* RECORDED DATA:
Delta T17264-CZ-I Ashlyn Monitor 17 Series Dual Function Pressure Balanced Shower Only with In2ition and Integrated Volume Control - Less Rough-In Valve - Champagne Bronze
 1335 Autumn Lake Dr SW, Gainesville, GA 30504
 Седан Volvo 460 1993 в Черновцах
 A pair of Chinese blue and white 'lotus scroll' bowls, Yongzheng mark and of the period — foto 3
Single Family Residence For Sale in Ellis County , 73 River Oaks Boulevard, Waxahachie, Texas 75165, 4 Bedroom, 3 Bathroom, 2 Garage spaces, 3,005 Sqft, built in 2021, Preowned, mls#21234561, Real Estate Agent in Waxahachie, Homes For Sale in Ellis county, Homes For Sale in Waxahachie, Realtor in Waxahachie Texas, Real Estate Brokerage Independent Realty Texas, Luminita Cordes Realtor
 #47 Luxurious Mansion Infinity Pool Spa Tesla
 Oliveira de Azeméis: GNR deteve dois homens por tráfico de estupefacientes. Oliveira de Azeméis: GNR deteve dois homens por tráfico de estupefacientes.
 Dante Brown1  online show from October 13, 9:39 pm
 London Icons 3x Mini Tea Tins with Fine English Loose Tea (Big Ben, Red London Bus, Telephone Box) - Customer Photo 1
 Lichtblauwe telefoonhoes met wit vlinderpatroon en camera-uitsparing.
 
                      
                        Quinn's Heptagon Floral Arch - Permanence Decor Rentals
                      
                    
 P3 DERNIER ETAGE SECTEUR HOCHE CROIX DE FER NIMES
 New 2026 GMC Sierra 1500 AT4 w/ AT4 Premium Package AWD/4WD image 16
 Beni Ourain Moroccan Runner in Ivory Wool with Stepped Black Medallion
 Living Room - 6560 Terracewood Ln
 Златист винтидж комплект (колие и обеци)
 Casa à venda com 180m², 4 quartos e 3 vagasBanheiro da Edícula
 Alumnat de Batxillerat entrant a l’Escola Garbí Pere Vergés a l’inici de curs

* HOW TO COMPLETE THIS TASK: Begin at the first line of the records above and quote every line verbatim through the one that contains "Quinn's Heptagon Floral".

* YOUR SOLUTION:
Delta T17264-CZ-I Ashlyn Monitor 17 Series Dual Function Pressure Balanced Shower Only with In2ition and Integrated Volume Control - Less Rough-In Valve - Champagne Bronze
 1335 Autumn Lake Dr SW, Gainesville, GA 30504
 Седан Volvo 460 1993 в Черновцах
 A pair of Chinese blue and white 'lotus scroll' bowls, Yongzheng mark and of the period — foto 3
Single Family Residence For Sale in Ellis County , 73 River Oaks Boulevard, Waxahachie, Texas 75165, 4 Bedroom, 3 Bathroom, 2 Garage spaces, 3,005 Sqft, built in 2021, Preowned, mls#21234561, Real Estate Agent in Waxahachie, Homes For Sale in Ellis county, Homes For Sale in Waxahachie, Realtor in Waxahachie Texas, Real Estate Brokerage Independent Realty Texas, Luminita Cordes Realtor
 #47 Luxurious Mansion Infinity Pool Spa Tesla
 Oliveira de Azeméis: GNR deteve dois homens por tráfico de estupefacientes. Oliveira de Azeméis: GNR deteve dois homens por tráfico de estupefacientes.
 Dante Brown1  online show from October 13, 9:39 pm
 London Icons 3x Mini Tea Tins with Fine English Loose Tea (Big Ben, Red London Bus, Telephone Box) - Customer Photo 1
 Lichtblauwe telefoonhoes met wit vlinderpatroon en camera-uitsparing.
 
                      
                        Quinn's Heptagon Floral Arch - Permanence Decor Rentals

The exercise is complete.